While she’d met Alec when he was too weak to really participate in any sort of bucket-list activities, she still found a way to honor the young man by arranging something unique, heartwarming and exactly what Alec would have loved. His final wish was to have a sports car procession at his funeral.
Manley explained to CNN that when Sydney died, they’d arranged a motorcycle escort for the funeral procession that included 3,500 motorcycles.
“When Alec saw Sydney’s escort, he said, ‘That’s really cool, but it would be even better with sports cars,’ and that’s why we organized it,” she explained.
Drivers from far and wide answered the call, and on Nov. 17 over 2,100 sports cars showed up to honor the 14-year-old. The city stepped up, too, and people made signs and lined the streets to support Alec and his family.

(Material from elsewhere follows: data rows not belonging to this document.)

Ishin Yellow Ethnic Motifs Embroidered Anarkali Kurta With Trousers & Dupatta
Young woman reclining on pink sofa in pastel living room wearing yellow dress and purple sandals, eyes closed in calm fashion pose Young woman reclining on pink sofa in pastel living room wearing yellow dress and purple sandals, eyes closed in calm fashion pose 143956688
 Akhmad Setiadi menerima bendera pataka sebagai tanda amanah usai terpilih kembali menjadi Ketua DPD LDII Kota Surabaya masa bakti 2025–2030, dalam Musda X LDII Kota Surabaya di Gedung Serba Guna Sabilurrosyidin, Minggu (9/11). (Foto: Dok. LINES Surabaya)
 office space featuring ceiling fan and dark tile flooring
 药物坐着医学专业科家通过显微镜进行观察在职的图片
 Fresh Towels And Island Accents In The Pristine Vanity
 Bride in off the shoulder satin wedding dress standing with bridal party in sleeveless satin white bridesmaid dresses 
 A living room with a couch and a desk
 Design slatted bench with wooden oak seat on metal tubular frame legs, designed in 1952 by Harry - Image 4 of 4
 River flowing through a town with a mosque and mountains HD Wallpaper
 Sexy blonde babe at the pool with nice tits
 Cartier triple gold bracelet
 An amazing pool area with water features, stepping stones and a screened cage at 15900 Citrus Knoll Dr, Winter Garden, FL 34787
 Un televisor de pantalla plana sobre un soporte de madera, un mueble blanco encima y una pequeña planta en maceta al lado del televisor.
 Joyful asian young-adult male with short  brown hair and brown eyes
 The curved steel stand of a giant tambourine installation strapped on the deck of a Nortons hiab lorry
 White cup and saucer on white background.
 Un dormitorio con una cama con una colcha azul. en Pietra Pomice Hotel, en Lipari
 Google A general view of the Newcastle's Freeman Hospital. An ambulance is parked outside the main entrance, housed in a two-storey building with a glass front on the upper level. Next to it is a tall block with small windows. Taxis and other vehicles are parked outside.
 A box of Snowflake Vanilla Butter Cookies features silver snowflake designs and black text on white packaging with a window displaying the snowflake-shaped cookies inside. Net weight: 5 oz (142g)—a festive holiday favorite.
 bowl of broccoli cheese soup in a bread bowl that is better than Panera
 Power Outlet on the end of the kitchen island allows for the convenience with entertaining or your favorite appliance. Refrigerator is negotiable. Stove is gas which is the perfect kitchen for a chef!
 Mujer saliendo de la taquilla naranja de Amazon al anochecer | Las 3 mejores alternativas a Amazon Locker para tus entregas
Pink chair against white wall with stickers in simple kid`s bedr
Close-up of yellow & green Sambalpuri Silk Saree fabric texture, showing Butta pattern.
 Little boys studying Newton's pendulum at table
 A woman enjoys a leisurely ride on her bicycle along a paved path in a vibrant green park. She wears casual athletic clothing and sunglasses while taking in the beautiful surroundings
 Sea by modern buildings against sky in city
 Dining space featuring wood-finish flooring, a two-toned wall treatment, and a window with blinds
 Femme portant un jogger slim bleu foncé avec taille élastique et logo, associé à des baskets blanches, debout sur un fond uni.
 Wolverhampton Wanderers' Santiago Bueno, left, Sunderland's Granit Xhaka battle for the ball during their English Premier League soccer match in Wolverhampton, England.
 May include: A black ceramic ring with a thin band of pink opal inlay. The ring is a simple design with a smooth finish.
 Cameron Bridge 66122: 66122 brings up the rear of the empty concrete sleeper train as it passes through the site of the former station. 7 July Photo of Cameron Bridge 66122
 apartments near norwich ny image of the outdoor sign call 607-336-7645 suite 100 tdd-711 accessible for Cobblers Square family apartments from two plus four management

Everyone’s efforts were deeply appreciated by the grieving family, according to Manley.
“I spoke with Jen (Alec’s mother) at the dinner after the funeral, and she said, ‘I couldn’t keep it together trying to read those signs, it was so overwhelmingly good for me to see how much my boy was loved,'” Manley told CNN.
“We don’t say he lost his battle, because he didn’t,” Manley added in a video interview with KSDK. “He’s a winner. He fought it, and he fought it, and he fought it and now he’s with Jesus, and, you know, it might not be where we want him to be, but he won.”